Sri Lanka: Sectarian Violence and the Higher Self
On 14 and 15 May 2019, revenge violence broke out in a number of towns in Sri Lanka against Muslim shopkeepers by Christians motivated by the Easter Sunday attacks on three Christian churches, two Roman Catholic and one Protestant. The Easter church attacks were carried out by a recently formed militant Muslim militia most of whose members have now been arrested by the police. However, the danger of sectarian violence remains real, and measures of active reconciliation are needed.
Just 10 years ago, in mid and late May 2009, the fighting between the Sri Lankan Army and the remaining Liberation Tigers of Tamil Eelan (LTTE) led by Veluppilai Pirabhakaren came to an end. The military struggle had begun in 1983, but its roots went back at least to Independence in 1948. The conflict between the Sinhalese and the Tamils had ebbed and flowed since the colonial period in disputes about legitimacy, language, economy, and policies on religion.
Since the armed conflict had a certain religious coloring – the Tamils being largely Hindus and the majority Sinhalese Buddhists – religious organizations, both national and international, tried to play a role as mediators; or, at least, proposed possible subjects ripe for mediation.
In the end, no offer of compromise was ever enough. All forms of moderation were seen as betrayal. The war continued with the last months being particularly destructive. The psychological wounds are deep. The healing of individual traumas with psycho-spiritual techniques remains a real priority, for the suffering of the war may sow the seeds of future unrest and a desire for revenge.
At the end of the armed conflict in 2009, the Association of World Citizens proposed a con-federal structure of government as a way of respecting differences in a pluralistic society while providing the possibilities of joint action. There is a need to develop government structures in which all citizens feel that they belong and that their interests are safeguarded.
Federal or con-federal forms of government were agreed to in the 1987 Indo-Sri Lanka Accord leading to the 13th Amendment to the Sri Lanka Constitution.
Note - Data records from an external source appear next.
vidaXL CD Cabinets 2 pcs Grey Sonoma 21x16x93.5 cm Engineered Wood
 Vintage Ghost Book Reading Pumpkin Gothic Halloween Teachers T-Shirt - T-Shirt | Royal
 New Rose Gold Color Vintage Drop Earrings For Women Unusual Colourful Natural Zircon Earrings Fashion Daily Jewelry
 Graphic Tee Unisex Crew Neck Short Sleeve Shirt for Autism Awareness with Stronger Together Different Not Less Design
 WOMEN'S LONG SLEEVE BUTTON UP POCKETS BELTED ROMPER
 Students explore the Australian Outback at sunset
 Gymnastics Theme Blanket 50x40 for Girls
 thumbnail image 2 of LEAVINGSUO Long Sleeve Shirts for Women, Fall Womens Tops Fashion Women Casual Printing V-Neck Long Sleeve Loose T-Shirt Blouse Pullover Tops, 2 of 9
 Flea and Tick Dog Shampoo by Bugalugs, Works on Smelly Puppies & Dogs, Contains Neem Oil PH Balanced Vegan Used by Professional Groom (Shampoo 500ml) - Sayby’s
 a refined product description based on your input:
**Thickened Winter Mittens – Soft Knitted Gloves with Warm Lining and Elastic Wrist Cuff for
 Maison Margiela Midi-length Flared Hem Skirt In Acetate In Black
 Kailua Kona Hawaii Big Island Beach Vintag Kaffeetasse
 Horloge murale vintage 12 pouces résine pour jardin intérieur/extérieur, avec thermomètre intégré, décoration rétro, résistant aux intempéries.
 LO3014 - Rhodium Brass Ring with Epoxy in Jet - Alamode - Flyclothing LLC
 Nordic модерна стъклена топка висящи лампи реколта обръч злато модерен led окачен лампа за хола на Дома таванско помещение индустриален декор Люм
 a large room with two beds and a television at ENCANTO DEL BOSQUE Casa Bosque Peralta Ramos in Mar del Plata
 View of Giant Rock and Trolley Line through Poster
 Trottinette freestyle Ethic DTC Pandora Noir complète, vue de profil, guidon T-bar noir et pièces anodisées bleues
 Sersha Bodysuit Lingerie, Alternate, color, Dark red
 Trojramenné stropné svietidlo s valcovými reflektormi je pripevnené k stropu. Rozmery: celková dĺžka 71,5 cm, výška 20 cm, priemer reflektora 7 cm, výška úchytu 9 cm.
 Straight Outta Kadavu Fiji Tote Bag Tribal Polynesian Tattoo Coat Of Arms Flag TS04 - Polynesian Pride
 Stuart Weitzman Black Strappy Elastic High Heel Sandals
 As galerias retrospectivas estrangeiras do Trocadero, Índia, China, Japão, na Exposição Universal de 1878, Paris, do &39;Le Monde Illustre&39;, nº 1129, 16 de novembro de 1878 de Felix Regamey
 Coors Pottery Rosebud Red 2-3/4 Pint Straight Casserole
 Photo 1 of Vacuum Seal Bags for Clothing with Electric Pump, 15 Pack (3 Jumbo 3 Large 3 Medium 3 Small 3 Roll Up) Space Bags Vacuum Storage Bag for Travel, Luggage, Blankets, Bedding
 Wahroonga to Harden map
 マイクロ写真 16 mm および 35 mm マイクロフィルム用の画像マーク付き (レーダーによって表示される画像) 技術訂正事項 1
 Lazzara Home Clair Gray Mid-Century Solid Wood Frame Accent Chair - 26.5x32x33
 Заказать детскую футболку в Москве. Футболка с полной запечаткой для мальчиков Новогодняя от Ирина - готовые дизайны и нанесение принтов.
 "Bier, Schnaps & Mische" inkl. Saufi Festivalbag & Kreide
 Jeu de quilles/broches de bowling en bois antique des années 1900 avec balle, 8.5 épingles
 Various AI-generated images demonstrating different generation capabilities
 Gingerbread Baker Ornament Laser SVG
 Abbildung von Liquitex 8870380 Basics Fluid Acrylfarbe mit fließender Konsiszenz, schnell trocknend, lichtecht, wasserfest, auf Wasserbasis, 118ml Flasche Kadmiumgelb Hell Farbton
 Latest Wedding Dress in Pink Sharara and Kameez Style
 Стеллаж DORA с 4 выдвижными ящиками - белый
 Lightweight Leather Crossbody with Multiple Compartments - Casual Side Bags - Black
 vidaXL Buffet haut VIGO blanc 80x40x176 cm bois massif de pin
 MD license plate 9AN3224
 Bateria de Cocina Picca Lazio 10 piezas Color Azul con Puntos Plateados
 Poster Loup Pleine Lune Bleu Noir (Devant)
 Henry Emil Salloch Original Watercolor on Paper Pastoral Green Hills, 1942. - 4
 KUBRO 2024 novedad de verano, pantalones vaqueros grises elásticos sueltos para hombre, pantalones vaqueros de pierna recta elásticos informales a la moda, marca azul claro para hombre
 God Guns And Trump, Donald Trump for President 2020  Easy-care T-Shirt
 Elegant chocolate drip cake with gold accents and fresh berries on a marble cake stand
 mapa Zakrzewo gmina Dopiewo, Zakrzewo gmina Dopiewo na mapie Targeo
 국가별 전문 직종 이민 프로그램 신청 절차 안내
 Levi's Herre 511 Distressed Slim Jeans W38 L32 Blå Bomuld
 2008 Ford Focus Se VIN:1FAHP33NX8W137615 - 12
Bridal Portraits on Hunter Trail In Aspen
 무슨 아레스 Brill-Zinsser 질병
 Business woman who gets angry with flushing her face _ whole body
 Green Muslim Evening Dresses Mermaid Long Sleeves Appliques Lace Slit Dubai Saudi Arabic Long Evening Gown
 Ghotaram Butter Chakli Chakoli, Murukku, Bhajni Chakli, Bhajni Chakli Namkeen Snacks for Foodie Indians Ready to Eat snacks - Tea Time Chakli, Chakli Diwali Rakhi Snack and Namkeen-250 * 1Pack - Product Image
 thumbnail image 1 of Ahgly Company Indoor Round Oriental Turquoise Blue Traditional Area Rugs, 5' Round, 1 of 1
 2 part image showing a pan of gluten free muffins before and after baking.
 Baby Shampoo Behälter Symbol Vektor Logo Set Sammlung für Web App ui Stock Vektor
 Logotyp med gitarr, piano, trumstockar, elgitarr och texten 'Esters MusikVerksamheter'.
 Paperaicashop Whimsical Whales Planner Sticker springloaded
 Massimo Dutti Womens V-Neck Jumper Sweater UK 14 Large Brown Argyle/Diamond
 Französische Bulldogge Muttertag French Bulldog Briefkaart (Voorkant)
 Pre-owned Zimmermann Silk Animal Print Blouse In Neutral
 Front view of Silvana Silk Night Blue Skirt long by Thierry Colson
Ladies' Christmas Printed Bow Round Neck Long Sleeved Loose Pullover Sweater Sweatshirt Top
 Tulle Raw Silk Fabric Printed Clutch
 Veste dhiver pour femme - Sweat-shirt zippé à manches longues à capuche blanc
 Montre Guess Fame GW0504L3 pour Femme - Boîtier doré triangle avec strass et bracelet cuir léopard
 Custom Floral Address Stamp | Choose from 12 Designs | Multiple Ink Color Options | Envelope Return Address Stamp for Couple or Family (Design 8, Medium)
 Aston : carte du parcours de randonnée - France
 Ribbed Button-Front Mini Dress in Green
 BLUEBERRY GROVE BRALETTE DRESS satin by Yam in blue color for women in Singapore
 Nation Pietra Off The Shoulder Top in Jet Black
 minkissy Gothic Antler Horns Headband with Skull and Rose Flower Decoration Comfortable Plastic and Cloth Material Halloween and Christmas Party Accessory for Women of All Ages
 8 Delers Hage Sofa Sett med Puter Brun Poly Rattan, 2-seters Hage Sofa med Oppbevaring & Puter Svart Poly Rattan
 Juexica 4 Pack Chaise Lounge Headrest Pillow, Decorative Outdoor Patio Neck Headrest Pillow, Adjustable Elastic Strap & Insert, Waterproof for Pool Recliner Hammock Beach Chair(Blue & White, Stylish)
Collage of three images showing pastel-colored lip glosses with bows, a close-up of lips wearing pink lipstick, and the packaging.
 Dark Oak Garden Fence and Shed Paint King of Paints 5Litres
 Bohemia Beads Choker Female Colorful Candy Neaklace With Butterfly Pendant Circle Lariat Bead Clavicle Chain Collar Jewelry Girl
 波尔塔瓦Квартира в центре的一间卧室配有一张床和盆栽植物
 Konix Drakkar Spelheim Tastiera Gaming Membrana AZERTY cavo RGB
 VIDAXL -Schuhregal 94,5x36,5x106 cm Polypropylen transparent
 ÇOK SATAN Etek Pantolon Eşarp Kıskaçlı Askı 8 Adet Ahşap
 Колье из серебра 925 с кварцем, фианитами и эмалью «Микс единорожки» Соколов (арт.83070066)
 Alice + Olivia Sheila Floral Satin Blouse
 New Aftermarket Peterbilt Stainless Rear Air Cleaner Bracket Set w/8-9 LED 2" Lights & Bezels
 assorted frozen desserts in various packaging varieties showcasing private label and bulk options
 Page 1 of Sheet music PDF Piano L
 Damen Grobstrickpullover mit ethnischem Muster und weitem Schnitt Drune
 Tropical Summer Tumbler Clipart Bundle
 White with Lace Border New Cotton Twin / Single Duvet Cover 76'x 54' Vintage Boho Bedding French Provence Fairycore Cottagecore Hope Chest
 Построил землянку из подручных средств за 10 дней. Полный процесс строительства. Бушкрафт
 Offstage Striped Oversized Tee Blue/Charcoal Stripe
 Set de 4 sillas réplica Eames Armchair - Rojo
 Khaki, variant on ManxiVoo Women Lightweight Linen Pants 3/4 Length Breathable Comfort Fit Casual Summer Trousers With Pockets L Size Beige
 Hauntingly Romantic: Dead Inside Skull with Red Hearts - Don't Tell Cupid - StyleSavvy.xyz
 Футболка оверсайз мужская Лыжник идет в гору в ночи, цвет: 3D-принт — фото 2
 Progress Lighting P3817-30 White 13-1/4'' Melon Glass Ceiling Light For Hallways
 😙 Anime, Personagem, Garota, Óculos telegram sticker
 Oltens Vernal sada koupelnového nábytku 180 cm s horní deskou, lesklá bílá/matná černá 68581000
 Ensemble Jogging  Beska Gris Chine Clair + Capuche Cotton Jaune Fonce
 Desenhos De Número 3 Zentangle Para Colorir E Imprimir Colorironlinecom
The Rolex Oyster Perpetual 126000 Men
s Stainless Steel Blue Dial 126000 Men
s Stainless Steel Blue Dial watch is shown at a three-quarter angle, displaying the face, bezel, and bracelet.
The amendment provides for the establishment of provincial councils. Unfortunately, these Councils have never become functional.
It is my impression that in the past decade, there have not been the creative changes in the structure of government needed. Popular participation in government has not been developed.
While the Sinhalese-Tamil tensions lent themselves to con-federal type proposals as the populations lived in relatively separate parts of the island, Christians and Muslims live spread out over the whole country. Thus, decentralized governmental structures are not an adequate policy for reconciliation. Rather, it is a modification of attitudes, values and individual actions which is needed. In many such conflicts based on attitudes and visions of “identity”, the Association of World Citizens stresses the importance of a quest for the Higher Self. This is an identity which first includes the individual’s current self-identity formed by nationality, social class, religious beliefs, sexual orientation, language and life experience. The Higher Self is more than the sum of these elements in the formation of identity. The Higher Self is formed by an interaction of the individual with what we can call a spiritual energy from which the individual consciousness arises. What the Chinese call the Tao. It is this Higher Self which is the ground of world citizenship, a sense of identity with all of humanity and a kinship with Nature which also arises from the same spiritual energy.
As has been said, it is difficult to solve problems on the same level from which gave rise to the problem. While Christian-Muslim dialogue is necessary in Sri Lanka, as elsewhere, it is only as the individual person moves beyond their self-identification as Christians or Muslims that a true harmonious society can grow.